Will BB10 Save Blackberry’s Bacon?

Mobile is on our mind here at Camcloud, having just launched Camcloud Mobile (sorry for the shameless plug). We went the web app route for now, rather than build native apps. A bunch of reasons for that, the main one being time to market. The full pros and cons of that decision is another post in itself.

Since our mobile site is for our members area, it’s not just a content site serving up a bunch of images and text that needs to be rearranged for a smaller screen size. We have functionality that needs to work on both iPhone and Android, and there are differences between the platforms that required a reasonable amount of effort. Even within the Android universe, the behaviour of browsers, video players, CSS handling, etc just never seems consistent.

What’s my point… oh, my point… yes, Blackberry. We didn’t even bother trying to optimize for Blackberry, it was too much effort, and we’re certainly not alone in this regard.

So with all this as background, it has been interesting to see the reaction to BB10 this week:

Twitter_Brooklyn Jongkind

This kind of reaction has been very typical of developers and people who have really engaged with the platform.

Even the ever hostile tech press is cautiously starting to come around to the idea that RIM might not be dead, and there MIGHT be room for a #3 mobile platform.

BlackBerry 10: How RIM might reel you in. Really

I think it’s fair to say that BB10 is a ‘stop the bleeding’ release for RIM. If they can excite their subscriber base and drive upgrades, find a few pockets of growth internationally, and stop the hemorraging in the US, they might have a shot at owning the #3 spot over the next few years, and then live to fight another day.
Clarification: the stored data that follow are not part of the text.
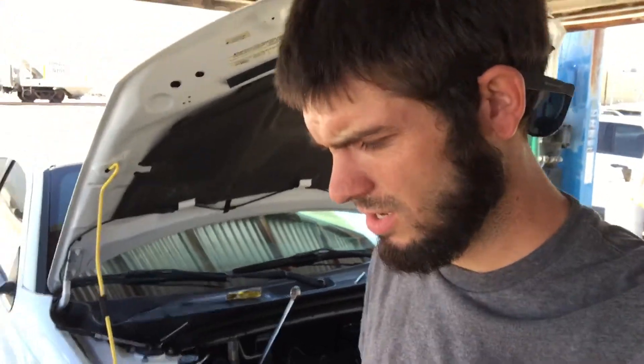Welcome back to another how-to video from White Trash Racing. Today we're working on a 3.6 Pentastar and I'm going to show you how to change the rear exhaust cam phaser — a video I could not find anywhere on the internet.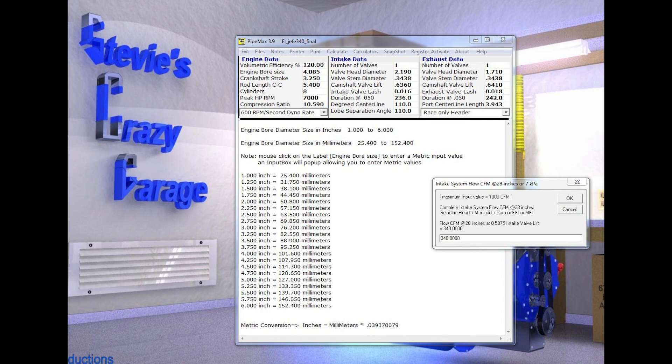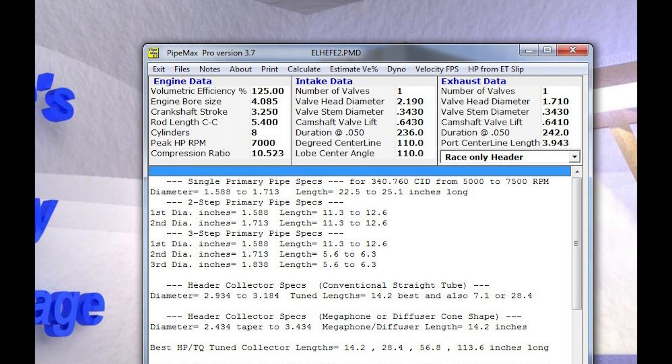To start, the engine specifications for the Ojefe Boss 302 were fed into Pipemax — bore, stroke, camshaft lift and duration, etc. Out popped minimum and maximum values for the primary tubes, collectors, and secondary pipes.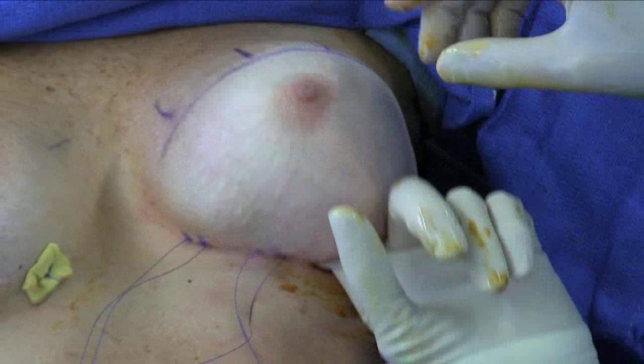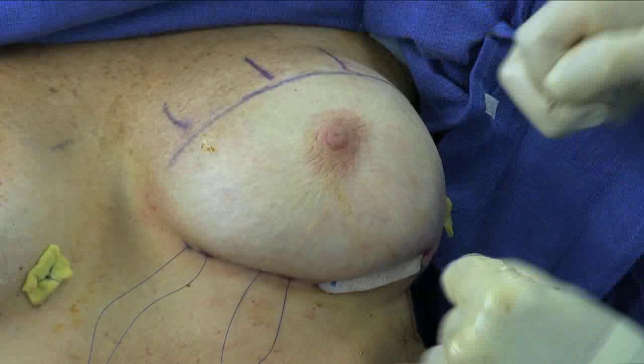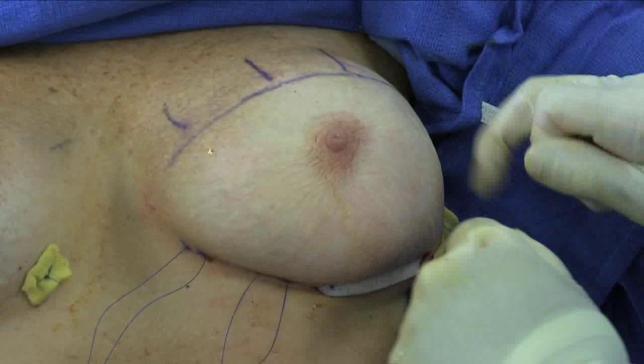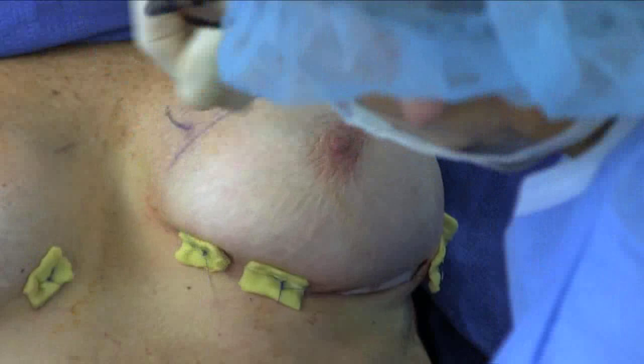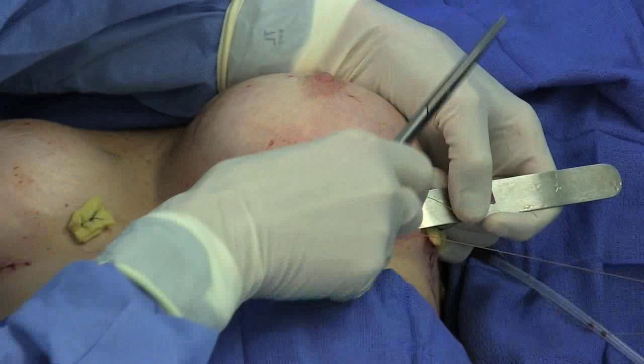The plastic sheeting is removed and the implant position within the pocket is checked, as well as making sure the ADM lies smoothly over the implant without folds or wrinkles. The bolster sutures are then tied. The ADM is then sutured to the lower portion of the incision to seal the implant pocket.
The question is, will the #3 player be important? Typically in technology, they’re not. #3 players struggle for mindshare, marketshare, and profitability, and more often then not either enter a death spiral or get acquired.

Will it be the same for mobile computing platforms? Hard to tell. Carriers certainly don’t want a duopoly, and the growth of Android shows there’s demand for more than just Apple’s ecosystem. So you could argue the dynamic is different than previous platform wars.

RIM is a very different company from 12-18 months ago, and anyone who doesn’t see that isn’t paying attention. If mobile computing has room for a #3, I’d place my money on RIM.

It’s still a wait and see game and it will be interesting to see how it pans out.

For now, like most mobile developers, we’ll spend our time engaged with the Android and iPhone community improving the user experience on those platforms.  But we’re not writing RIM off just yet, we’re anxiously keeping an eye on what happens with BB10.